- _EXERCISE REQUIREMENTS_: Omit every picture while you reproduce the entries that follow word for word.

Collected data entries

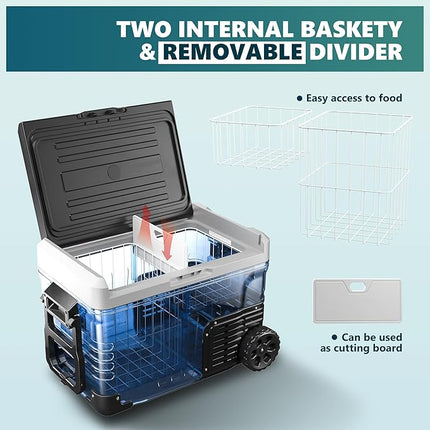[Local warehouse]EUHOMY 12 Volt Refrigerator, 47QT(35L) Electric Cooler, Portable Freezer 12V/24V DC 100-240V AC, 12V Fridge -4℉~68℉, 12V Cooler with Wheels & 2 Baskets for Travel, Truck, Boat, Camping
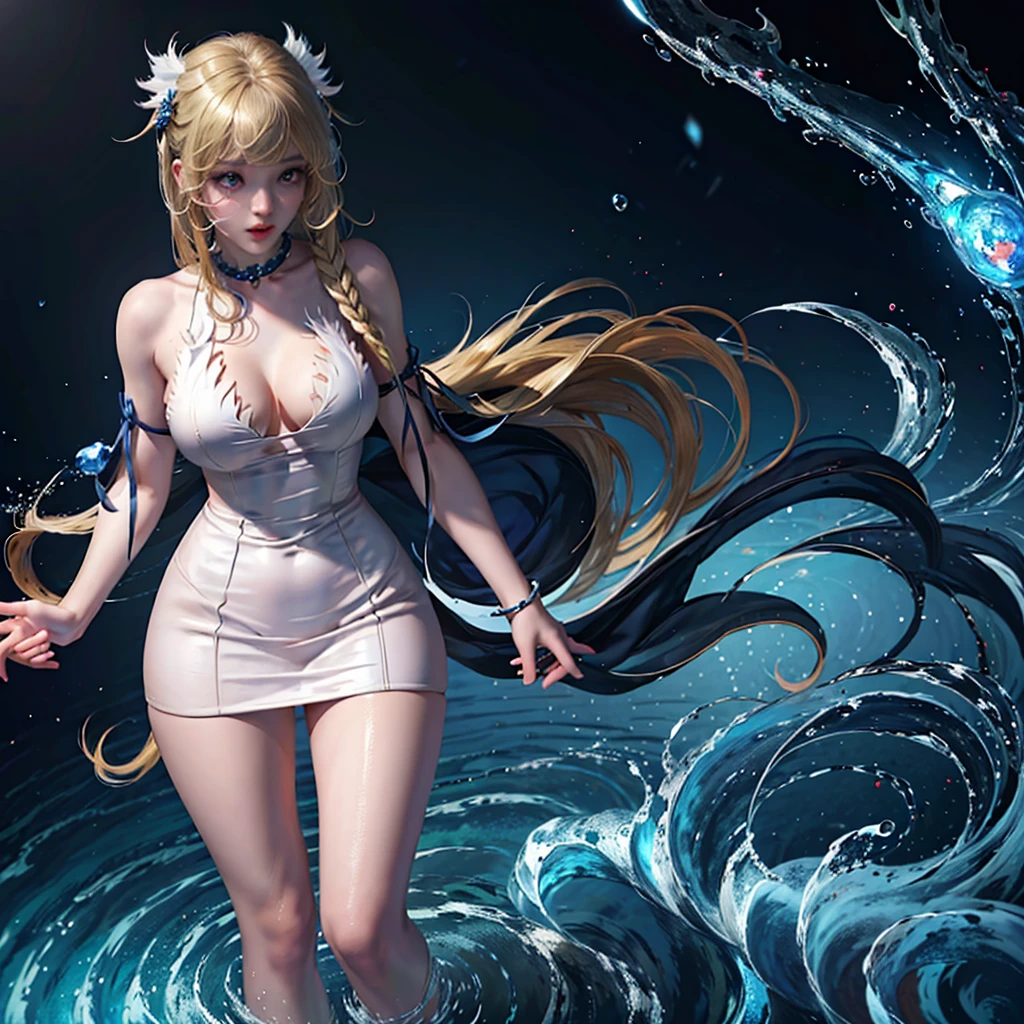 absurderes, high resolution, ultra detaild, 1 girl, standing alone, extremely detailed eyes, Woman,long blonde hair,lpngo white dress, highly detailed dress, chic, Guweiz, Detailed digital animation artwork, Rostland 8K, Ross trance style, 4K anime-style, Guweiz on ArtStation Pixiv, guweiz on pixiv artstation, High-quality, detailed artwork in 8K, beautiful fantasy anime, 4k anime art wallpaper, 4k anime art wallpaper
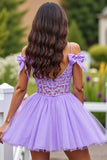 A Line Corset Lavender Short Tulle Prom Dress with Lace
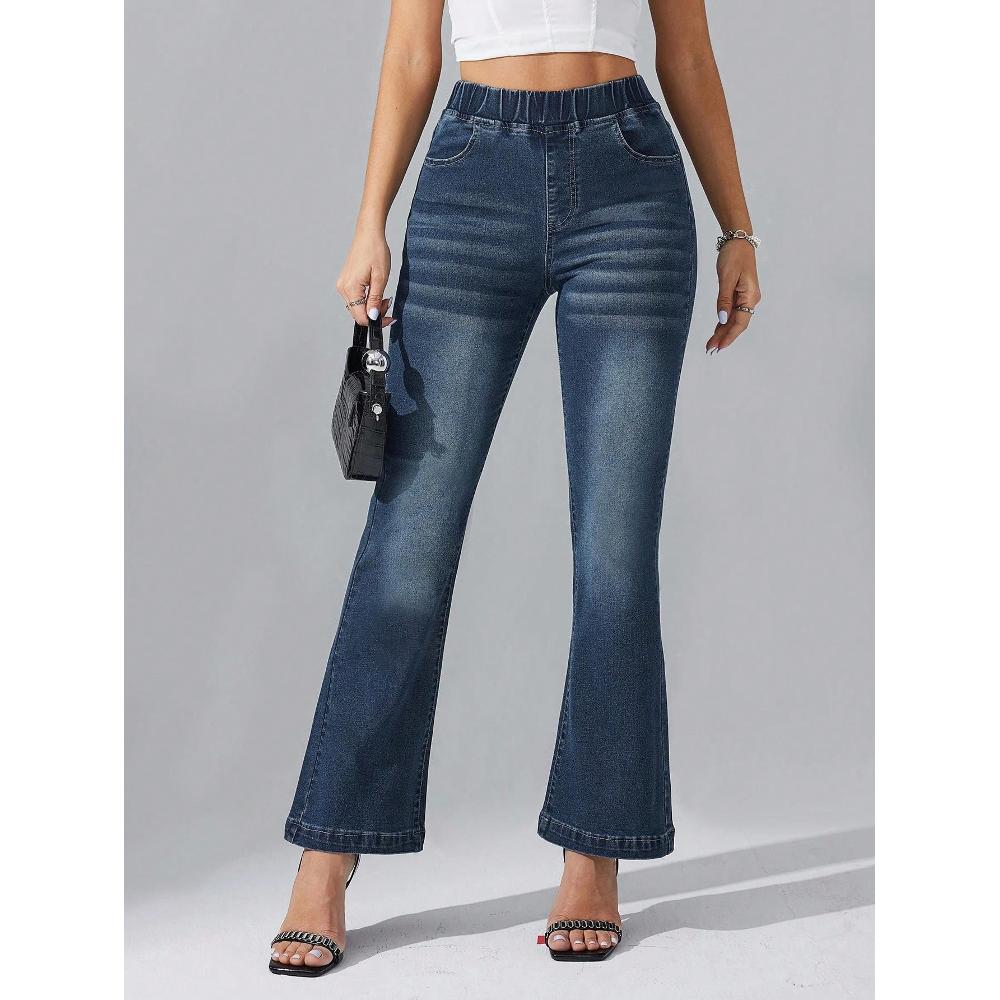 Jeans acampanados elásticos con cintura alta elástica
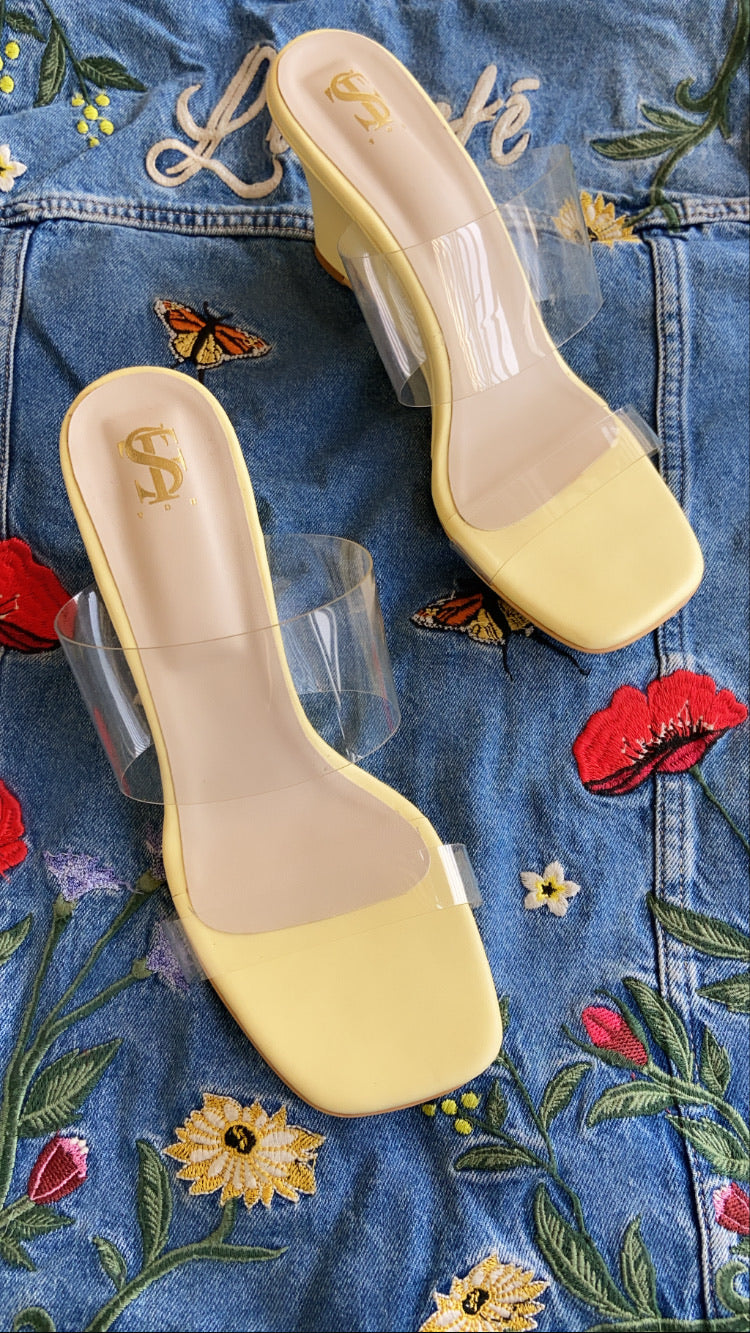 Yellow outlet clear heels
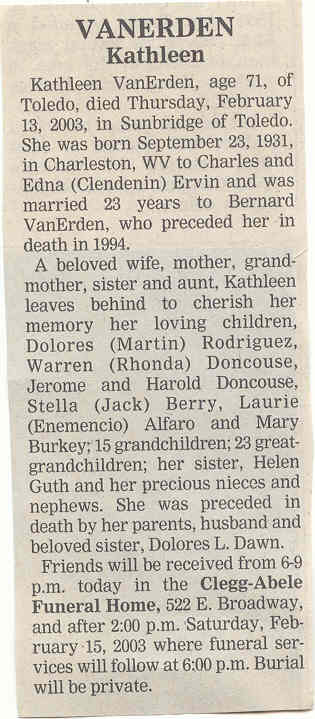 Kathleen Ervin Van Erden d-o Charles N. Arvanitis & Edna Clendenin d.2-13-2003.jpg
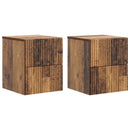 Væghængt Natbord med skuffe 2 pcs Gammelt træ 33 x 34,5 x 40 cm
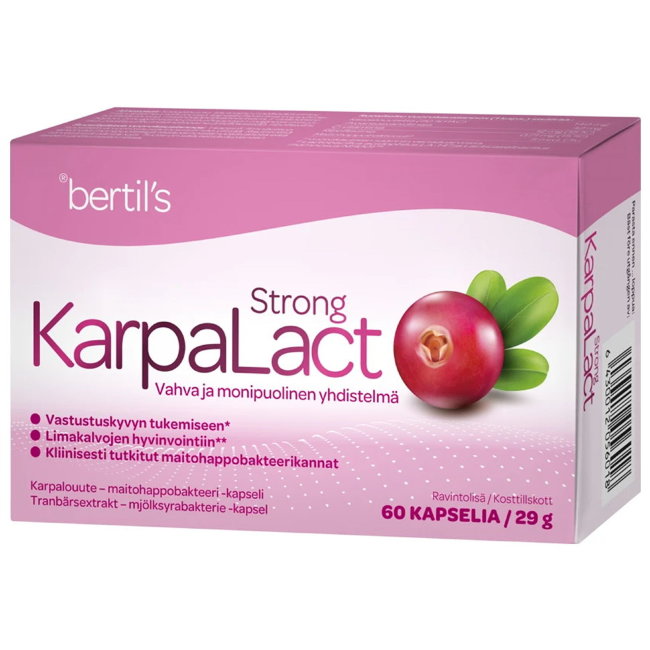 Витамины Karpalact с экстрактом клюквы при проблемах мочевыводящих путей 60 капсул Bertils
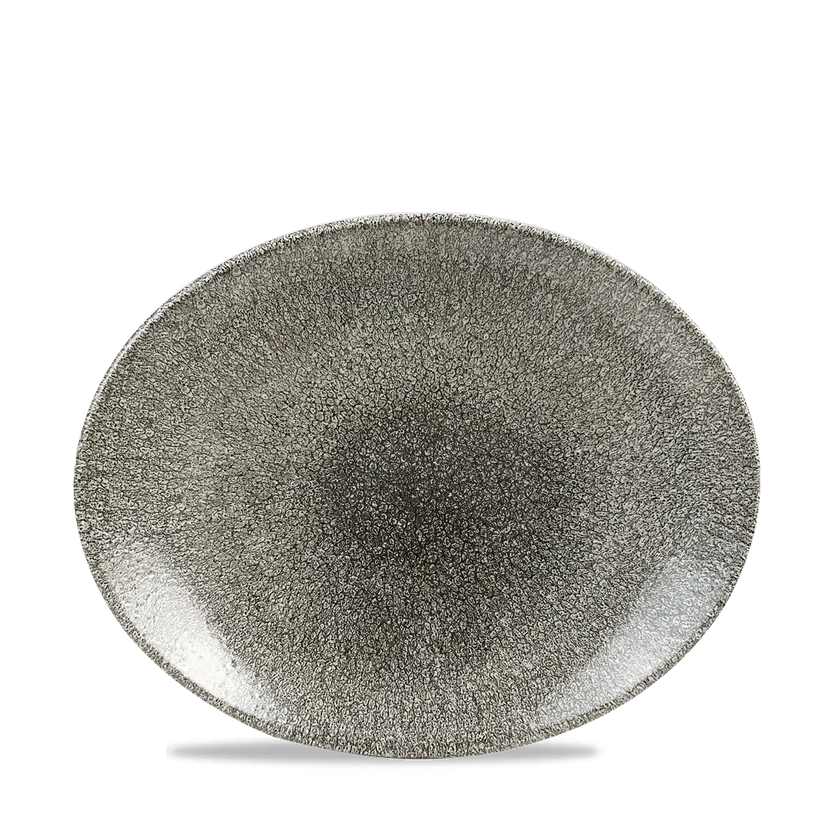 Raku Quartz Black Orbit Oval Coupe Plate 28.1cm 12/box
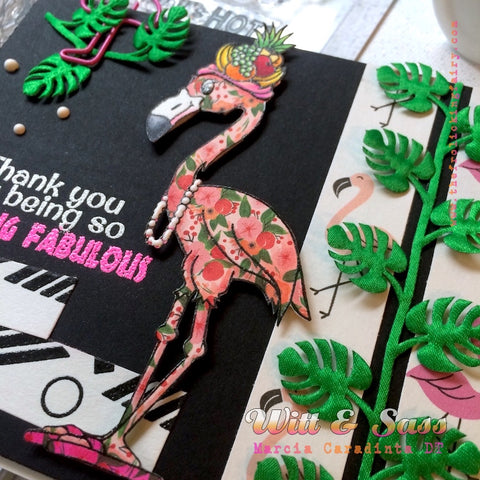 #thefrolickingfairy #wittandsassstampco #tropiclikeitshot #flamingo #flockingfabulous #tropical #pineapple #layeringstencil #tropicalleaves #foiling #thermoweb #flipflops #mixeddrinks #copiccoloring #miamivice #ilovethe80s #popofpink #handmadecards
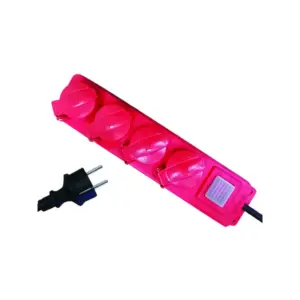 Prelungitor cu întrerupător, roșu, 4P - 3M, 3x1.5mm, IP44, Eurolamp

- _ANSWER BELOW_:
[Local warehouse]EUHOMY 12 Volt Refrigerator, 47QT(35L) Electric Cooler, Portable Freezer 12V/24V DC 100-240V AC, 12V Fridge -4℉~68℉, 12V Cooler with Wheels & 2 Baskets for Travel, Truck, Boat, Camping
 absurderes, high resolution, ultra detaild, 1 girl, standing alone, extremely detailed eyes, Woman,long blonde hair,lpngo white dress, highly detailed dress, chic, Guweiz, Detailed digital animation artwork, Rostland 8K, Ross trance style, 4K anime-style, Guweiz on ArtStation Pixiv, guweiz on pixiv artstation, High-quality, detailed artwork in 8K, beautiful fantasy anime, 4k anime art wallpaper, 4k anime art wallpaper
 A Line Corset Lavender Short Tulle Prom Dress with Lace
 Jeans acampanados elásticos con cintura alta elástica
 Yellow outlet clear heels
 Kathleen Ervin Van Erden d-o Charles N. Arvanitis & Edna Clendenin d.2-13-2003.jpg
 Væghængt Natbord med skuffe 2 pcs Gammelt træ 33 x 34,5 x 40 cm
 Витамины Karpalact с экстрактом клюквы при проблемах мочевыводящих путей 60 капсул Bertils
 Raku Quartz Black Orbit Oval Coupe Plate 28.1cm 12/box
 #thefrolickingfairy #wittandsassstampco #tropiclikeitshot #flamingo #flockingfabulous #tropical #pineapple #layeringstencil #tropicalleaves #foiling #thermoweb #flipflops #mixeddrinks #copiccoloring #miamivice #ilovethe80s #popofpink #handmadecards
 Prelungitor cu întrerupător, roșu, 4P - 3M, 3x1.5mm, IP44, Eurolamp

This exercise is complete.